課題・背景
岐阜県の飛騨地域(高山市・飛騨市・白川村)は、年間450万人以上の観光客が訪れる 国内有数の観光地 である。しかし、人口約9万人の地方圏共通の課題として、 若年層の都市部流出と高齢化 が進行していた。
地域経済の構造的な問題は、消費が 域外の大手チェーンやECサイトに流出 し、地域内で経済が循環しないことであった。地元の中小商店は売上減少に苦しみ、地域の雇用と税収の基盤が揺らいでいた。飛騨信用組合は地域金融機関として、この構造問題を金融の力で解決する方法を模索していた。
取り組みの経緯
飛騨信用組合は「 お金の地産地消 」をコンセプトに掲げ、2017年12月に電子地域通貨「 さるぼぼコイン 」のサービスを開始した。名称は飛騨地方の伝統的な人形「 さるぼぼ 」に由来する。
開発にはフィンテック企業との連携を活用しつつも、運営主体は飛騨信用組合自身が担った。地域住民にとって馴染みの深い 信用組合の窓口やATMでチャージできる 仕組みとし、スマートフォンに不慣れな高齢者でも利用しやすい導線を設計した。
加盟店の開拓では、信用組合の営業職員が 一軒一軒を訪問して説明 するという地道なアプローチを採用。地域金融機関ならではの顔の見える関係性を活かした。
サービス・事業の概要
さるぼぼコインは、飛騨地域限定で利用できる スマートフォンアプリ型の電子地域通貨 である。利用者はアプリ上で残高をチャージし、加盟店に設置された 二次元コードを読み取って決済 する。
チャージ方法は、飛騨信用組合の窓口・専用チャージ機・ セブン銀行ATM ・飛騨信用組合の預金口座からの引き落としの4通りが用意されている。観光客も含めた幅広い利用者がアクセスできる設計である。
さるぼぼコインの最大の特徴は、 換金せず域内で循環させる 設計思想にある。加盟店がコインを受け取っても即座に現金化するのではなく、仕入れや他の加盟店での支払いに使用することで、 地域内での経済循環を促進 する構造が組み込まれている。
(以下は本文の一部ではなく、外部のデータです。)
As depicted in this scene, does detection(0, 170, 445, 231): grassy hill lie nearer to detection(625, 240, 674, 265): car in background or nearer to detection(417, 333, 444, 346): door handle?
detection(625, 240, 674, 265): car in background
行政との連携も進んでおり、飛騨市では 窓口手数料や施設使用料 のさるぼぼコイン決済に対応している。
成果と現状
2024年3月末時点で、ユーザー数は 31,058人 に達し、2市1村の住民の約3人に1人が利用している。加盟店数は 1,964店 、累計決済金額は 約104億円 を突破した。月間の流通額は1億円を超える規模に成長している。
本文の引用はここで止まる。